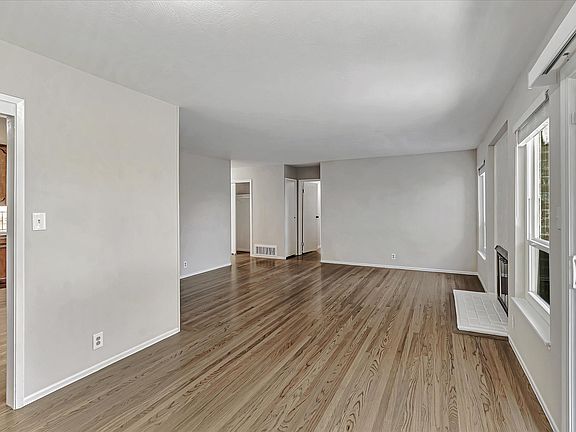 5th image of 3703 Farm Hill Blvd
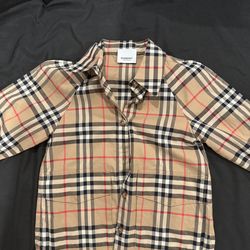 Burberry Button Shirt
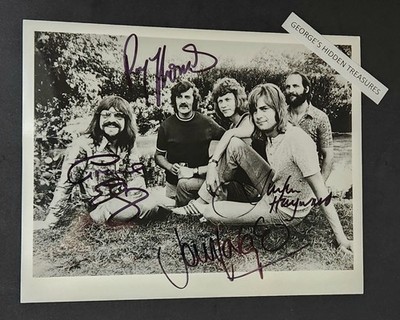 THE MOODY BLUES signed 8x10 - Justin Hayward/John Lodge/Ray Thomas/Graeme Edge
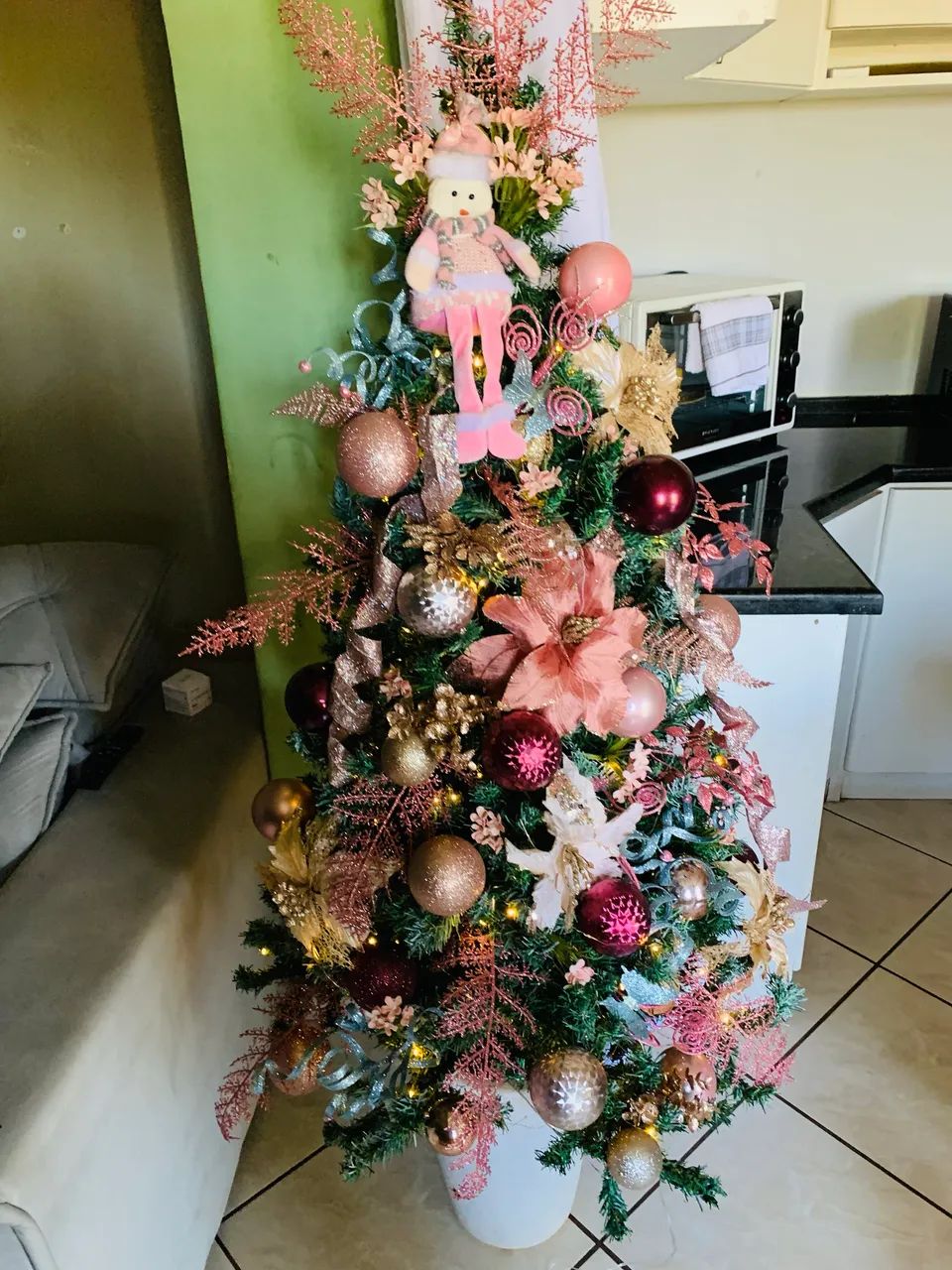 Árvore de Natal com pisca pisca e enfeites  - Foto 4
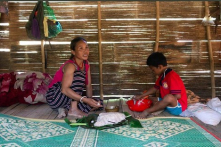 Nhiều hộ nghèo bị ‘xin’ tiền ‘uống nước’ từ tiền hỗ trợ COVID-19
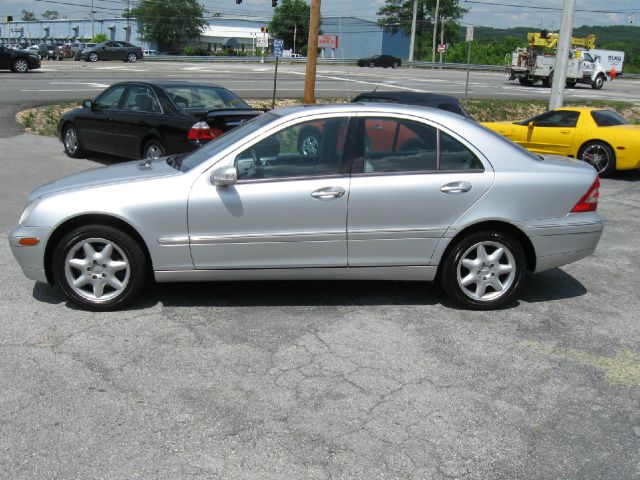 2001 Mercedes-Benz C-Class Series 4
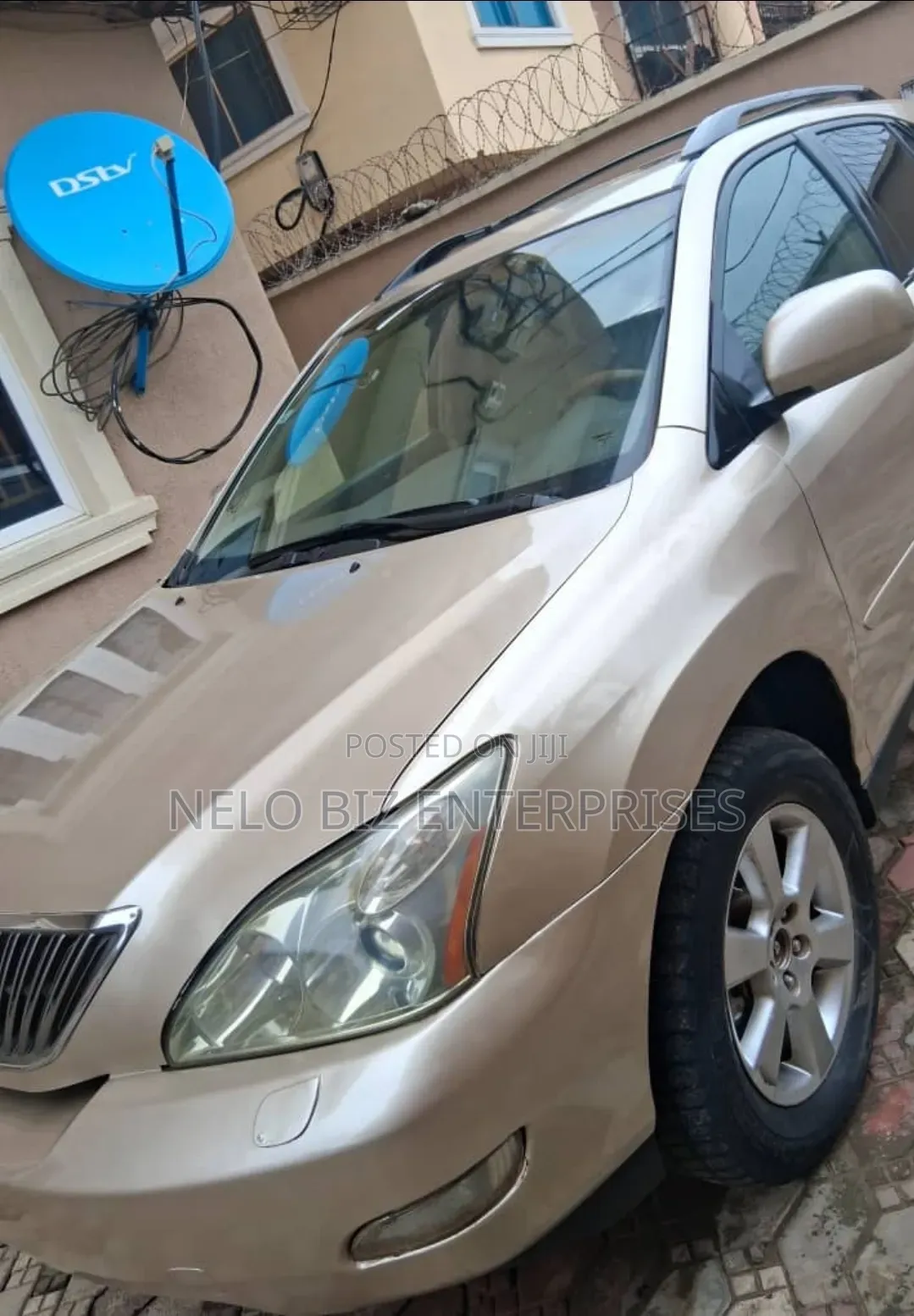Lexus RX 330 2005 Gold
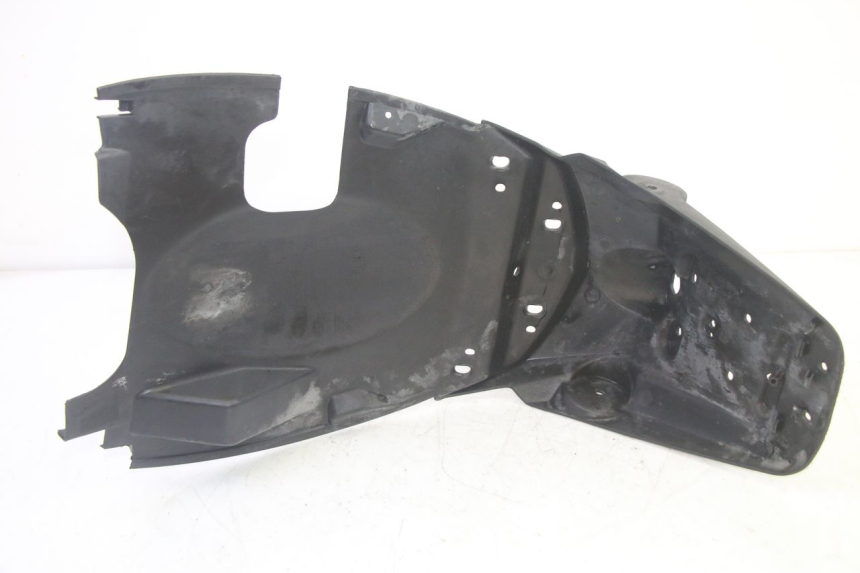 photo de ALETA TRASERA PEUGEOT KISBEE 4T 50 (2018 - 2022) - Marcados y referencias originales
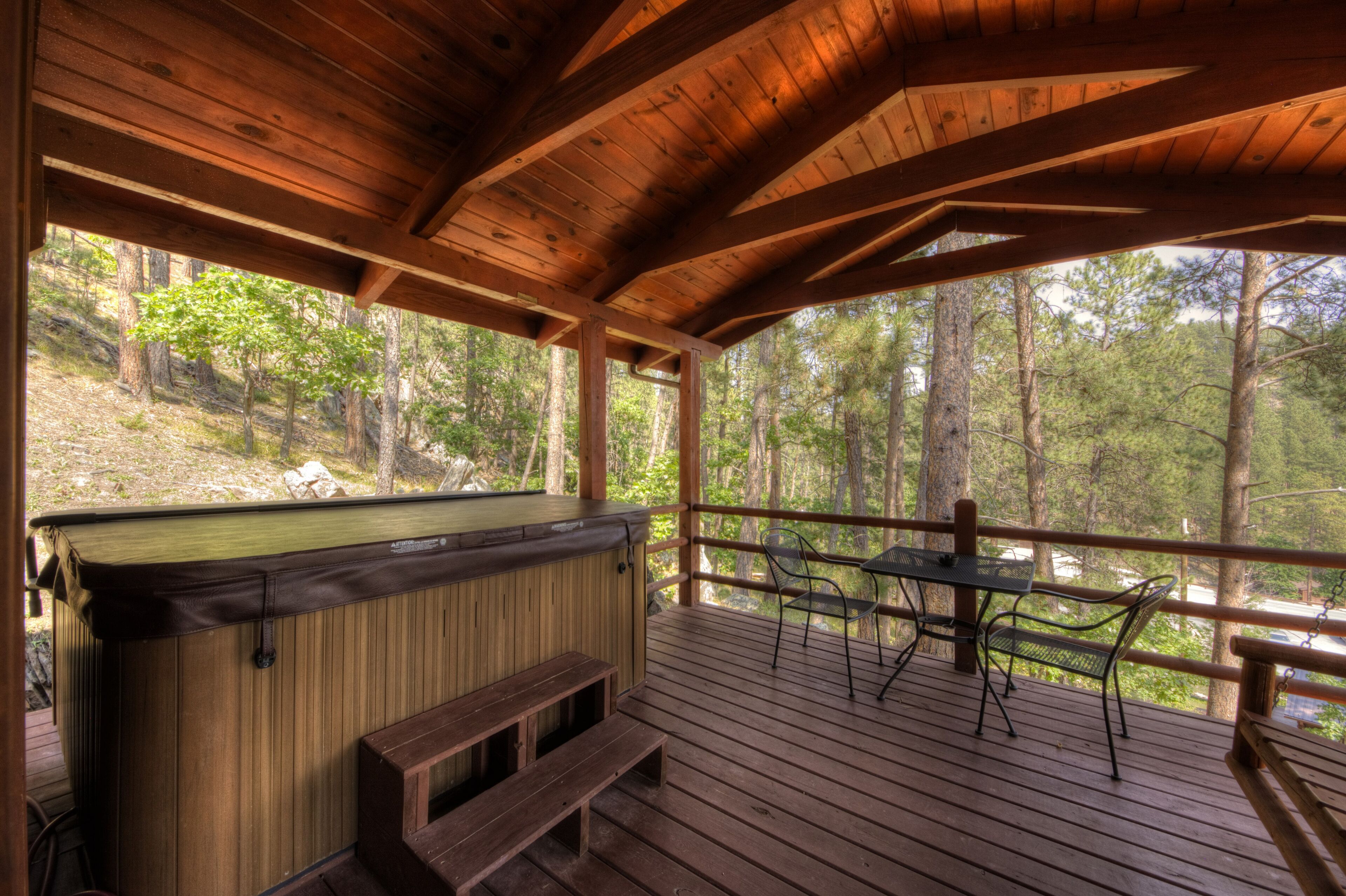 Honeymoon Cabin | Balcony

◆ Exercise requirements
Your answer must be the lines from the one holding "Burberry Button Shirt" through the final line of the records above, exactly as written and without any pictures.

◆ Exercise result
 Burberry Button Shirt
 THE MOODY BLUES signed 8x10 - Justin Hayward/John Lodge/Ray Thomas/Graeme Edge
 Árvore de Natal com pisca pisca e enfeites  - Foto 4
 Nhiều hộ nghèo bị ‘xin’ tiền ‘uống nước’ từ tiền hỗ trợ COVID-19
 2001 Mercedes-Benz C-Class Series 4
Lexus RX 330 2005 Gold
 photo de ALETA TRASERA PEUGEOT KISBEE 4T 50 (2018 - 2022) - Marcados y referencias originales
 Honeymoon Cabin | Balcony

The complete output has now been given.